Y lo son asimismo las contradicciones en que incurre la cinta tras dibujar el panorama descrito. En todo momento se palpa la necesidad de Gansel de redimir como sea a unos personajes que han perdido el tren de sus vidas, con el resultado de que la historia llega a ir varios pasos por detrás de las inferencias del espectador, espoleadas por las limitaciones de un cineasta poco sutil. Su eficacia como narrador, bien explotada en establecer vínculos de simpatía entre los personajes —uno de los paralelismos más allá del argumento con Jóvenes y Brujas (The Craft, Andrew Fleming, 1996)—, se revela insuficiente para apuntalar un happy ending cuando las propias dinámicas del filme no admiten otra aspiración que la de una muerte sin ignominia. De nuevo Gansel se muestra hábil constructor de entornos cerrados de los que luego no sabe escapar, y como hiciera al retratar la escuela nazi de Napola (2004), opta por la fanfarria estética para dignificar salidas falsas como el suicidio o la huida. En Somos la noche este recurso entronca con la senda abierta por Blade II (Guillermo del Toro, 2002) y, sobre todo, Thirst (2009), en la que Park Chan-wook solucionaba el galimatías existencial planteado en un bello clímax de destrucción. Por el contrario, el alemán vacila a la hora de echar todo a la hoguera, dando a su película el mismo cierre insatisfactorio por el que se hubieran inclinado cineastas peores.

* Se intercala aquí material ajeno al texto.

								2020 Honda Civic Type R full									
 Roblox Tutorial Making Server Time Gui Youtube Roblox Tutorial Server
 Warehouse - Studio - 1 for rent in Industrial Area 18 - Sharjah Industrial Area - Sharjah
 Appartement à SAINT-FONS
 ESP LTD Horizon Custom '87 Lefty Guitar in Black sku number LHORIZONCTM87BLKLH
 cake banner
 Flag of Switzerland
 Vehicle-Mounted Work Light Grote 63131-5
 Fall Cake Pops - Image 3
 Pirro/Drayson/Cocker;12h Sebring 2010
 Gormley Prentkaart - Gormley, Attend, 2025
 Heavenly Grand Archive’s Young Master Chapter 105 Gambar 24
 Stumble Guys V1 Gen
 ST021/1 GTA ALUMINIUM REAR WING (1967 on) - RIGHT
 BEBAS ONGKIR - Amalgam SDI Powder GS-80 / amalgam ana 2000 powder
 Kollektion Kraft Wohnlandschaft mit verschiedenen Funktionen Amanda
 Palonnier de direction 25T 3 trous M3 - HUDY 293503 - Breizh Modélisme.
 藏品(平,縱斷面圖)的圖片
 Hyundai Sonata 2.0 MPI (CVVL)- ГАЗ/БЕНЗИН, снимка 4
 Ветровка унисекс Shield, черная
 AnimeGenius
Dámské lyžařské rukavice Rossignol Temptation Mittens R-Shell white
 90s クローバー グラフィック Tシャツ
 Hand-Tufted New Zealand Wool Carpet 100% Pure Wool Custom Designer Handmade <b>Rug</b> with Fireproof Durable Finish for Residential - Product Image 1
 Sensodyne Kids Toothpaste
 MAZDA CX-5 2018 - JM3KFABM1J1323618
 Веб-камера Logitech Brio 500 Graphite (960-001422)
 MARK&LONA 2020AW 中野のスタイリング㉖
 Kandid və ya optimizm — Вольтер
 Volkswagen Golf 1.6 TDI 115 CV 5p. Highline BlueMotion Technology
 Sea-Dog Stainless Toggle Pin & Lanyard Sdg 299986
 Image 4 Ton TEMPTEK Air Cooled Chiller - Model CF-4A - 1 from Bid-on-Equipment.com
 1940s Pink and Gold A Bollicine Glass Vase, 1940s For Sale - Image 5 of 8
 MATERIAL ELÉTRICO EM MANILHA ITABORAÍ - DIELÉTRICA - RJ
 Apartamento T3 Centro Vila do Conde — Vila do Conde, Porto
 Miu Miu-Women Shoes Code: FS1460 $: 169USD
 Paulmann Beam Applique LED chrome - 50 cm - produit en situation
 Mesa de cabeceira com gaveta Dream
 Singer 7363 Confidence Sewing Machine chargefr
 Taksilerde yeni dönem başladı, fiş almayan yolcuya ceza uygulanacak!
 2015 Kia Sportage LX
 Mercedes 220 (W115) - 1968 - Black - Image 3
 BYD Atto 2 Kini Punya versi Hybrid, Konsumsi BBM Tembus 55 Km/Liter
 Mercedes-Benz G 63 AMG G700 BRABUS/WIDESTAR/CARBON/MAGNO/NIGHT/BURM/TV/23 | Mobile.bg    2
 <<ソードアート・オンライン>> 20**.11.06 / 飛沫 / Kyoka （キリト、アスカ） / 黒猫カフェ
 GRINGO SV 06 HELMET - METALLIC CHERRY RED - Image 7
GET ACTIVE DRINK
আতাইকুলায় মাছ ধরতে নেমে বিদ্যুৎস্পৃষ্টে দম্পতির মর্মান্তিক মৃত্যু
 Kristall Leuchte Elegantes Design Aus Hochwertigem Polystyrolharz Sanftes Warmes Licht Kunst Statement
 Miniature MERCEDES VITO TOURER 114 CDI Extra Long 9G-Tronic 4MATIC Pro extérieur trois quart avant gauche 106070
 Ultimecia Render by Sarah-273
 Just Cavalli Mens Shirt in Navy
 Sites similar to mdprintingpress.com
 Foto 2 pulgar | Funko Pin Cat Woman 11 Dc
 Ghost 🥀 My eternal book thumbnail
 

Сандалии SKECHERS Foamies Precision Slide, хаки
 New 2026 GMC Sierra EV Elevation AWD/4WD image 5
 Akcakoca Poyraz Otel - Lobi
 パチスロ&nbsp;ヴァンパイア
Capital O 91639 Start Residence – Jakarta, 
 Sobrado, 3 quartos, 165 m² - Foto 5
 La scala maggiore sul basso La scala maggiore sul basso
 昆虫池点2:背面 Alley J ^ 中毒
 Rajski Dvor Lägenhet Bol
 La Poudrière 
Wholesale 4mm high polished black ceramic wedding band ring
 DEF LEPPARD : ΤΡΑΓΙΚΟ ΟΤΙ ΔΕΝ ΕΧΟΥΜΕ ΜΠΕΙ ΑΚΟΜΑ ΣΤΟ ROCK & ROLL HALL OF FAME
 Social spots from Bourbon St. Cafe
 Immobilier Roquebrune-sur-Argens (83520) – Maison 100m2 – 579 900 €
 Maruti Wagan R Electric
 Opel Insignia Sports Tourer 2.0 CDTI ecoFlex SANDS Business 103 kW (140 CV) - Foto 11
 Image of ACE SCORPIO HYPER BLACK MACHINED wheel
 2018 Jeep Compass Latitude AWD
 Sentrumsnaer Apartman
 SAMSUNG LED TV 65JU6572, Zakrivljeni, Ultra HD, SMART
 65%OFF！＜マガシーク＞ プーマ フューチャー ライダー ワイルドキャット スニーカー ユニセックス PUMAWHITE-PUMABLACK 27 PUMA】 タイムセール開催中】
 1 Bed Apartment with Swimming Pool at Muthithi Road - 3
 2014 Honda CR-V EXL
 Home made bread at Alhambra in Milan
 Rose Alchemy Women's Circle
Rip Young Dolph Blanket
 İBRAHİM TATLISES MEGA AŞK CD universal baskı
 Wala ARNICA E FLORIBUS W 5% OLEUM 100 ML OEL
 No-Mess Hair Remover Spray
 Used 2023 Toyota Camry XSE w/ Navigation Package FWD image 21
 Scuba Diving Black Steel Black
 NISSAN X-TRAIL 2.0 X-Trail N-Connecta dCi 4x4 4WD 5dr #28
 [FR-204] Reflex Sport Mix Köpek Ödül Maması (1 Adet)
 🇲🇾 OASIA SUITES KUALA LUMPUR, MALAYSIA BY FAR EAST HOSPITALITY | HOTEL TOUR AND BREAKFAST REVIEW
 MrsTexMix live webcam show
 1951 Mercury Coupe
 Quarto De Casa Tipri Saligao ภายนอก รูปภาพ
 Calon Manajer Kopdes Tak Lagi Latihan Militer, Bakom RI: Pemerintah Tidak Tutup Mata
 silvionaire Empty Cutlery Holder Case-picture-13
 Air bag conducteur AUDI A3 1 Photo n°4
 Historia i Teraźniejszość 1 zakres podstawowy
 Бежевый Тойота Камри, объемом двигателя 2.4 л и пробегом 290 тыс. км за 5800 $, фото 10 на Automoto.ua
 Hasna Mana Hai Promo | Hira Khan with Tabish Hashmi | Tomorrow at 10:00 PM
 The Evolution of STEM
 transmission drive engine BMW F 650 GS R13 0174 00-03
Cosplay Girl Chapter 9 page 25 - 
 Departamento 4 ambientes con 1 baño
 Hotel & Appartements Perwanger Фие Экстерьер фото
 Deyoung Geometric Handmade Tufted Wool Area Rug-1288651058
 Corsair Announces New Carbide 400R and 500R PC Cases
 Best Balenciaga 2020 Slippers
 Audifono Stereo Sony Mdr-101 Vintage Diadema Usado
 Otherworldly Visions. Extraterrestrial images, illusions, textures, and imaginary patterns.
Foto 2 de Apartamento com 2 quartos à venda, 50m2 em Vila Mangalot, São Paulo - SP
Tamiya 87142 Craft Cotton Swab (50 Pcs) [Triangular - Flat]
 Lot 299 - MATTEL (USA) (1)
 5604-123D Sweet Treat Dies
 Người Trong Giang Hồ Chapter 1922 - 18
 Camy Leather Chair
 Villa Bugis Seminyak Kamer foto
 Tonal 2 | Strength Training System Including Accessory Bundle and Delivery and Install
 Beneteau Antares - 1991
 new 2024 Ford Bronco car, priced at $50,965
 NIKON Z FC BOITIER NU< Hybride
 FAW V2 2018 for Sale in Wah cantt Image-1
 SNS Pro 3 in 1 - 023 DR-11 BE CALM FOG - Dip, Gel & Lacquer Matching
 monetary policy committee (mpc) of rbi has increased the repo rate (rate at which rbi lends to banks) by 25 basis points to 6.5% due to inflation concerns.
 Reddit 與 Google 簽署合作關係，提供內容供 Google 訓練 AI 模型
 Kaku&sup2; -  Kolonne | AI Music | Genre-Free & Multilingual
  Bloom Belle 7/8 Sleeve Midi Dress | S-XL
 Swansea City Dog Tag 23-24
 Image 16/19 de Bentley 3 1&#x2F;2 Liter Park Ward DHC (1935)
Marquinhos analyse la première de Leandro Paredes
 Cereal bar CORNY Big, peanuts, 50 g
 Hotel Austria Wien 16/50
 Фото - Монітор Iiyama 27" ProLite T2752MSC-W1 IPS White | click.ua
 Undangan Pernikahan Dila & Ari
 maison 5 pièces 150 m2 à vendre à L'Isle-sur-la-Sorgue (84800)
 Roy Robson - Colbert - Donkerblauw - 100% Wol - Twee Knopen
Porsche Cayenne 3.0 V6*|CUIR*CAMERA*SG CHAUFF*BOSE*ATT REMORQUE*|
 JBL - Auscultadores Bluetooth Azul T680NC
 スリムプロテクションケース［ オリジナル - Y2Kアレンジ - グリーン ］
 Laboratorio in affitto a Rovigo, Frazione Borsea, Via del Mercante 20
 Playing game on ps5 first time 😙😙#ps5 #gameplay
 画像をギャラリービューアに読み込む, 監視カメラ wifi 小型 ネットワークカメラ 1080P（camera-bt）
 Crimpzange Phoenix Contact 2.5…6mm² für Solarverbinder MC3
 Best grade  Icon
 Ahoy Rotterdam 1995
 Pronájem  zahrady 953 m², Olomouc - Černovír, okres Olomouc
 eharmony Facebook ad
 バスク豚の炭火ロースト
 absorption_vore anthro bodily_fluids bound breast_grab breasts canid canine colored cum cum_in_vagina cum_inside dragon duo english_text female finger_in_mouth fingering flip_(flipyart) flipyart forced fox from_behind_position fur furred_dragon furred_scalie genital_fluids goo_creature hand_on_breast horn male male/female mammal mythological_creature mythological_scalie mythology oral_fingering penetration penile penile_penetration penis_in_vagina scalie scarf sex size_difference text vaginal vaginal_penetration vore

Ahora que la crisis está despertando a muchos, el inframundo autista de Somos la noche podría haberse cerrado cual doncella de hierro sobre el resto de durmientes, nuestras caducas instituciones y sus exégetas a sueldo. Después del fracaso de la épica de Merkel, Dennis Gansel se conforma, como Hollande, con salvar al viejo continente mediante la lírica del vampiro. Será que la sangre en chupitos entra mejor.